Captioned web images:

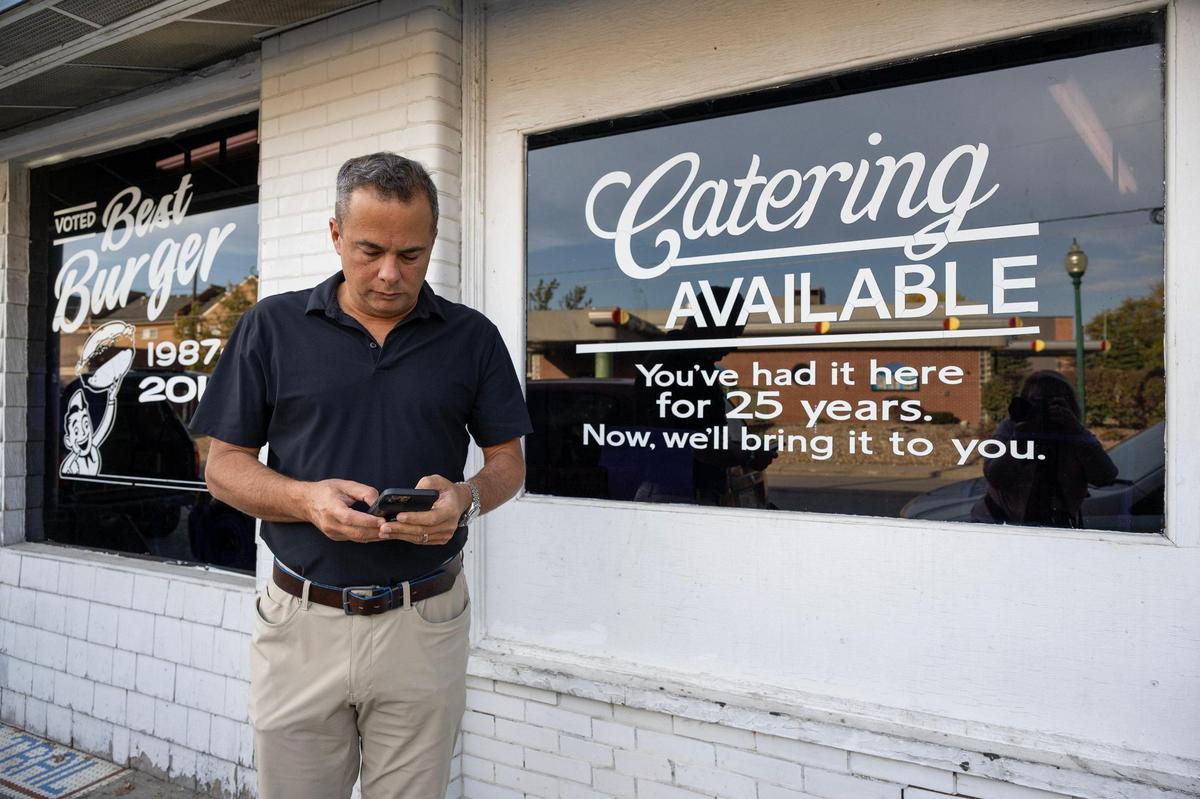 “We’re feeding kids. It’s a way of giving back that’s just unbelievable,” said Joe Zwillenberg, owner since 2006 of the Westport Flea Market Bar & Grill. The Flea Market, through Joe Joe’s Catering, provides 9,000 meals a day to some 5,000 school children throughout Kansas City.
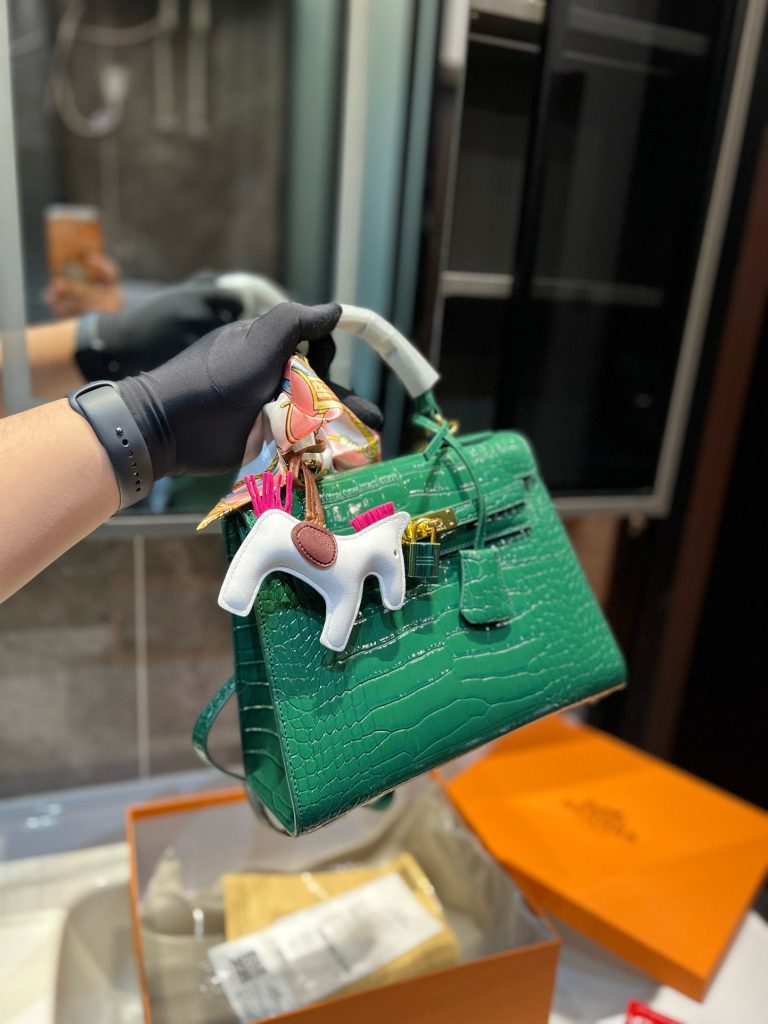 FashionReps Bags 04YA432 - Image 3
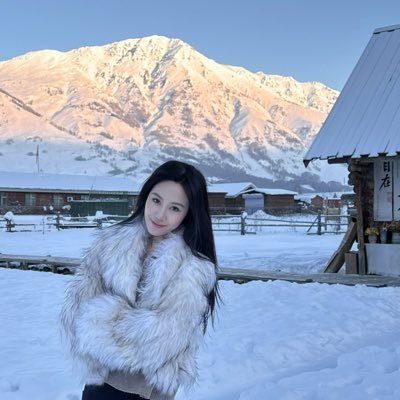 滢哥捡到一个BNB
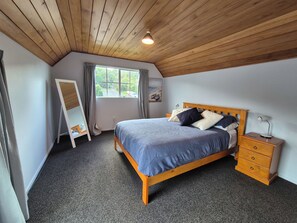 3 bedrooms, WiFi, bed sheets - Comfy family home, stay at our retreat on Brittan St! (Hokitika)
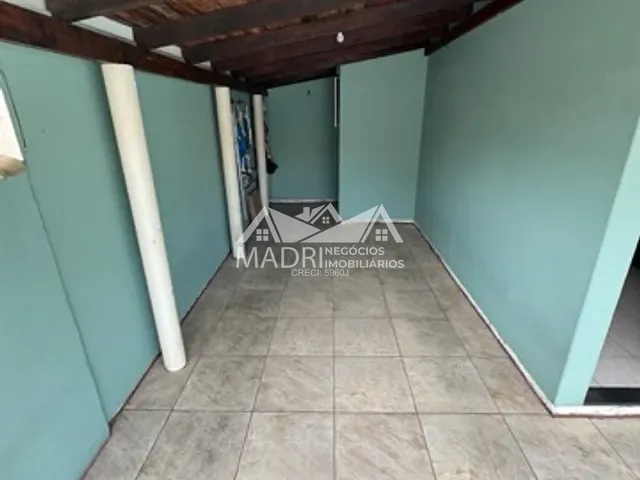 Casa com 200m² 3 quartos e 2 banheiros, à venda, no bairro Madri em Palhoça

What is required: Print once more, exactly, the lines from the one with "3 bedrooms, WiFi, bed" through the last line of the data, both ends included, without any pictures.

Solution to this exercise:
 3 bedrooms, WiFi, bed sheets - Comfy family home, stay at our retreat on Brittan St! (Hokitika)
 Casa com 200m² 3 quartos e 2 banheiros, à venda, no bairro Madri em Palhoça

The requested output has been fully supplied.